_Exercise directions_
Go over the records and copy every line with the string "that".

_Input data_
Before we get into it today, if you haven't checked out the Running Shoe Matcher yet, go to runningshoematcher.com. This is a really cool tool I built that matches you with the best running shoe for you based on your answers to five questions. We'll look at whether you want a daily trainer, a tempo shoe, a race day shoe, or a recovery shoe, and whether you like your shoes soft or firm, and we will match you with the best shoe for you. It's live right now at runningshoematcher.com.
---
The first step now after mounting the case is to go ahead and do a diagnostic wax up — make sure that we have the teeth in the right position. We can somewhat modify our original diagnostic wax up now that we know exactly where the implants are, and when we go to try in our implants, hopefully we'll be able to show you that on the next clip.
---
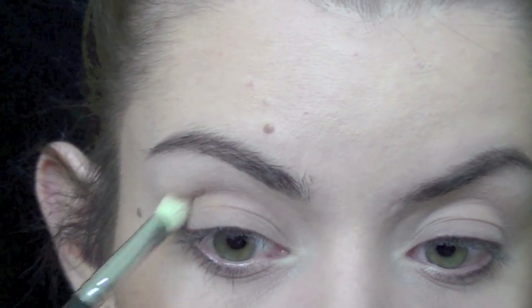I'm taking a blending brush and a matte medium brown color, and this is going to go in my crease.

_Your response_
Before we get into it today, if you haven't checked out the Running Shoe Matcher yet, go to runningshoematcher.com. This is a really cool tool I built that matches you with the best running shoe for you based on your answers to five questions. We'll look at whether you want a daily trainer, a tempo shoe, a race day shoe, or a recovery shoe, and whether you like your shoes soft or firm, and we will match you with the best shoe for you. It's live right now at runningshoematcher.com.
The first step now after mounting the case is to go ahead and do a diagnostic wax up — make sure that we have the teeth in the right position. We can somewhat modify our original diagnostic wax up now that we know exactly where the implants are, and when we go to try in our implants, hopefully we'll be able to show you that on the next clip.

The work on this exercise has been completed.